Any restaurant owners/managers here? (past or present)

I’m afraid a couple of my relatives are about to make a huge financial mistake. They’ve just inherited a nice chunk of money (around 300 thous), and what they’re planning to do is A) quit both their jobs and B) open a restaurant.

This is, apparently, the ‘life long dream’ of the husband, and his wife thinks it’s a peachy keen idea too.

My big problem is this ‘planning’ and ‘life long dream’ doesn’t seem to have included any practical research or training. :frowning:

Yes, the husband is a great cook. In the sense of cooking spectacular meals for small dinner parties. He loves to throw dinner parties, getting 6 or 8 friends in and cooking for them while they hang out in the kitchen drinking wine and telling him how wonderful he and his food is. Fine. But I just can’t help suspecting that that will not scale seamlessly to being a great head chef responsible for turning out hundreds of meals every day.

Besides that, ISTM that running a restaurant will entail a whole lot more than cooking. It’s got to be like running any other small business, right? You have to deal with labor (with all the legalities that involves), taxes, advertising, suppliers, cash flow… a thousand things other than roasting heads of garlic. All sorts of business matters to take care of, and neither of them have any experience along those lines. (He’s in IT, she’s an IC nurse.)

Their ‘thinking’ seems all castles in the air to me. For example, they are talking about buying this 200 year old stone building to house their restaurant. Said building has been vacant for the last fifty years to my sure knowledge, and likely much longer. Is it structurally sound? How hard is it going to be to plumb/wire/etc a building whose walls are all stacked stones? I suspect (just from viewing the outside) that it really isn’t large enough for the restaurant they’re aiming for. They just say, airily, ‘oh, I’m sure we can fit 40 tables in there.’ Really?? With those thick walls, there’s less open space than you think. Plus restrooms, storage space, and, oh, yes, a KITCHEN?

And this building is located near the end of a narrowish dead-end road, and there’s nothing else on the road except maybe ten houses widely spaced out. (I think the zoning there calls for 2+ acres.) Isn’t that going to make it much harder to develop a customer base? No one is going to be ‘just passing’ and decide to stop for a meal. They are just ‘ordinary people’, it’s not like they are famous or have an existing base of customers willing to go out of the way to eat at their restaurant.

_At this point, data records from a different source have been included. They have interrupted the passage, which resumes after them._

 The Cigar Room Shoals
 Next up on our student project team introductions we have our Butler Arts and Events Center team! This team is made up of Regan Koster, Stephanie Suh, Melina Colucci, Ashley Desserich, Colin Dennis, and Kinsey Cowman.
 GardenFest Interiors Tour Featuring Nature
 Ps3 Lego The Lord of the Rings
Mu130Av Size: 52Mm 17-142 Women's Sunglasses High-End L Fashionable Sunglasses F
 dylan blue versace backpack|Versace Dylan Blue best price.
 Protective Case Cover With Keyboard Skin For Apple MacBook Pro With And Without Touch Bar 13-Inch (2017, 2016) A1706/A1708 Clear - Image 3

Well, he (let’s call him Joe) thinks he has a base. Those friends who come to his dinner parties. Yeah. Somehow he doesn’t consider that someone who raves about his food when he’s a guest at a party may not be willing to go out of his way AND PAY for the same food. Even if they are, we’re talking, what, several dozen people? That’s not enough to fill all the tables he’s planning on a single night! And how often could they possibly want to go eat at any given restaurant? Once a month, maybe?

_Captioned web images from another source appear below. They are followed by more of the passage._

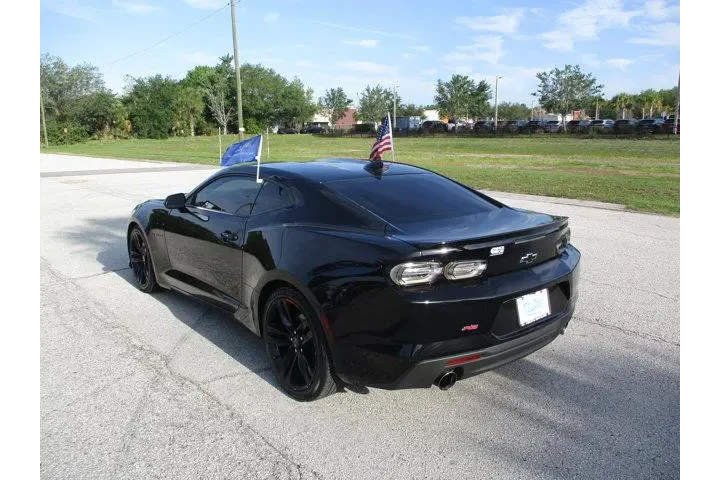 $24495 : Chevrolet Camaro 2023 LS 2dr image 5
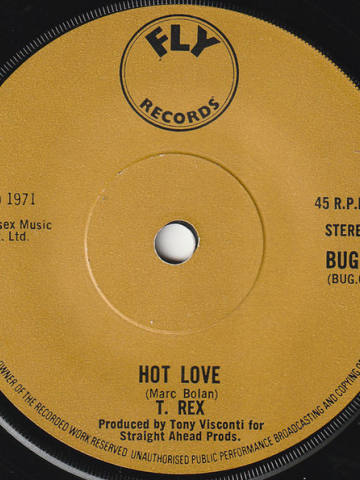 Hot Love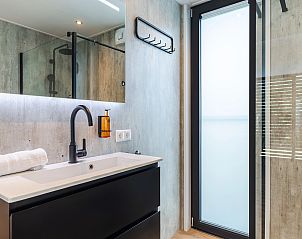 Unterkunft 5707147 - Bungalow Utrechtse Heuvelrug - 4-6 persoons Water & Hottub lodge | 4-6B3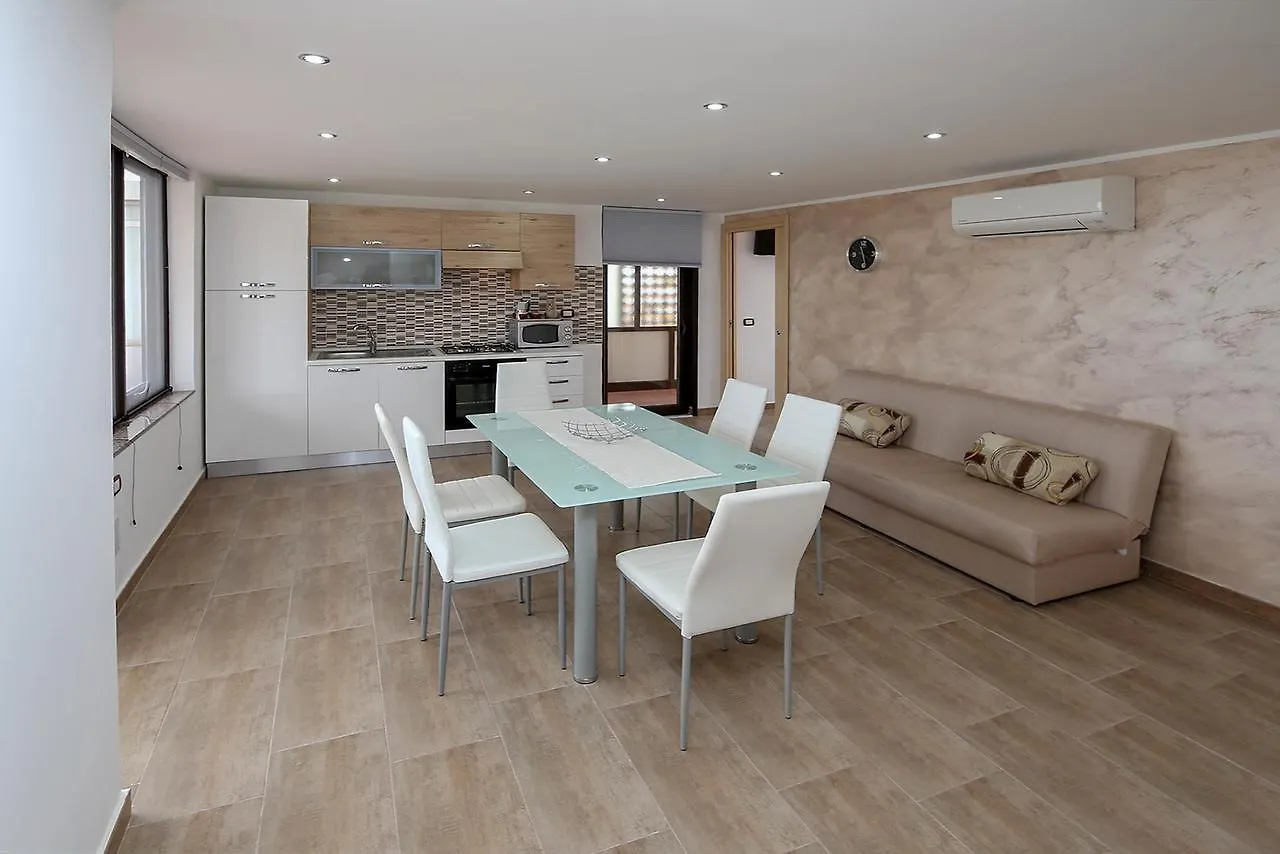 Attico Recanati Hotel Giardini-Naxos Apartament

There is essentially no parking at present other than an unpaved driveway, but there’s ample room for a parking lot behind the building. MAYBE. The property runs down to a stream, whose size varies enormously over the year – way higher in spring than in summer/fall. The banks have overgrown willows, and there are big patches of rushes and cattails and such. To my relatives this means ‘lovely natural views.’ To me it suggests a lot of the space will be considered ‘wet lands’ and thus precluded from development.

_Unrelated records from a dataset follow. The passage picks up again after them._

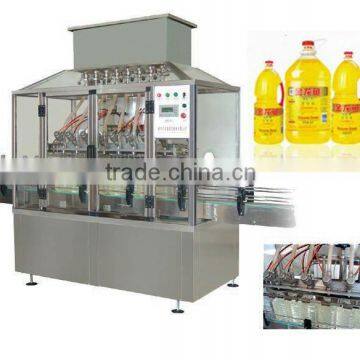 High Quality Cooking Oil Bottling Machine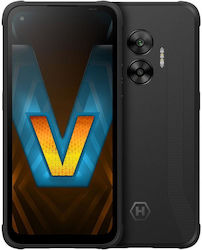 Hammer Blade V 5G Dual SIM (8/256GB) Антрактивен Смартфон Черен Hammer Blade V 5G Dual SIM (8/256GB) Антрактивен Смартфон Черен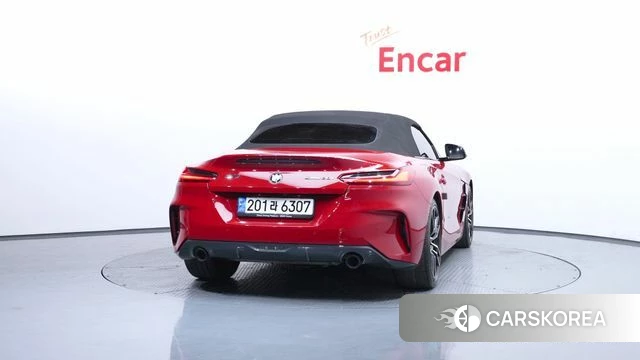 BMW Z4 (G29) id 3923509 из Кореи 14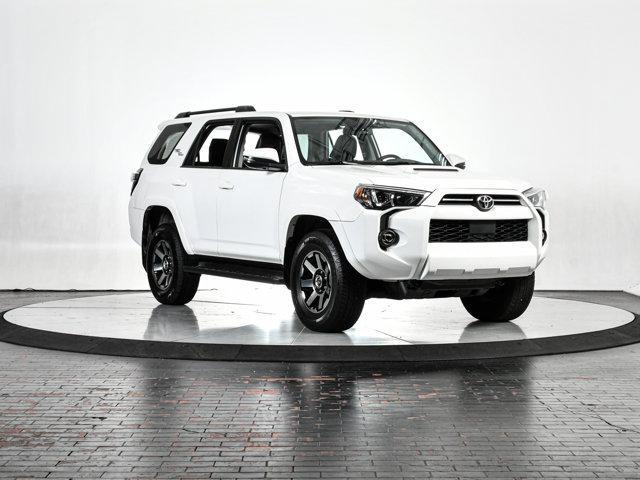 used 2022 Toyota 4Runner car, priced at $44,988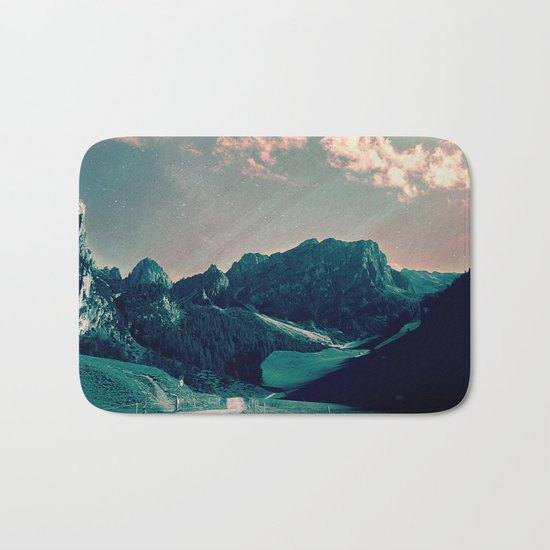 Mountain Call Bath Mat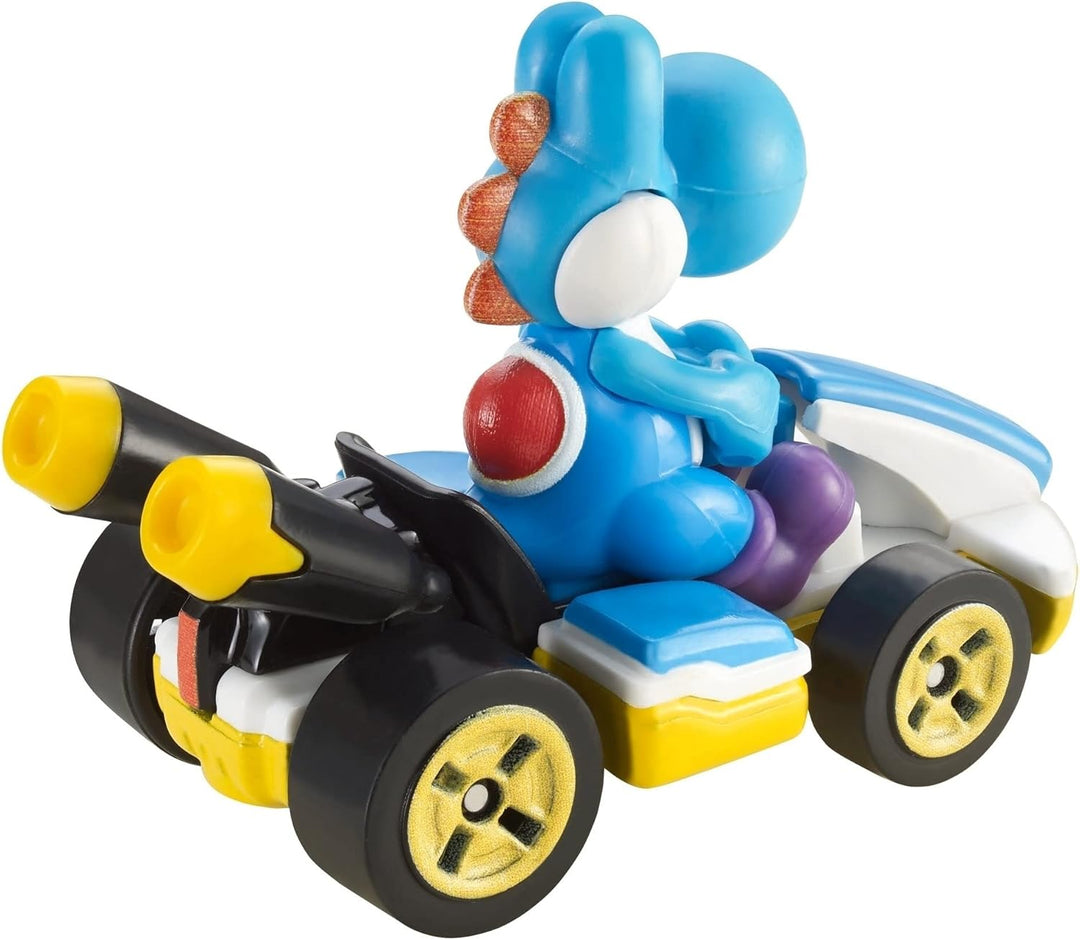 Auto Hot Wheels Mario Kart Mod Sortiment Massstab 1:64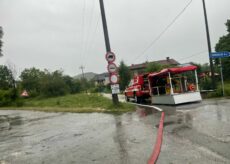 La Guida - Allagamenti per la pioggia e alberi caduti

I’ve been trying to get them to look into these matters BEFORE they quit their jobs/buy the property/etc. but they say I’m “Just being negative” and “why are you trying to destroy our dream” and stuff like that. Right now the only ‘preparation’ they doing is creating a menu. As in, lots of tinkering with layouts and fonts and such. :smack:

They also point out that “I don’t know anything about running a restaurant” and that is absolutely true, no two ways about it. BUT THEY DON’T EITHER.

I think at least one of them needs to seriously study the business side of running a restaurant – are there schools for that? Or at least they could work in a restaurant similar to what they want to run for six months or so. Heck, maybe Joe should take a job cooking in a restaurant and see if he likes the life. I suspect it involves a lot longer hours and way more work than he realizes. Something you enjoy as a hobby might be a drag as a full time job.

Does anyone here have the experience to say what they SHOULD do before jumping into this? I’ll pass the advice along – maybe they’ll listen to someone else.
Or…maybe I’ll all wet. You can say that, too, no offense will taken and I’ll just butt out of their affairs.

I’m sure there are books you can buy on restaurant management. And you can hire someone with experience to run the place for you. (or help you run it)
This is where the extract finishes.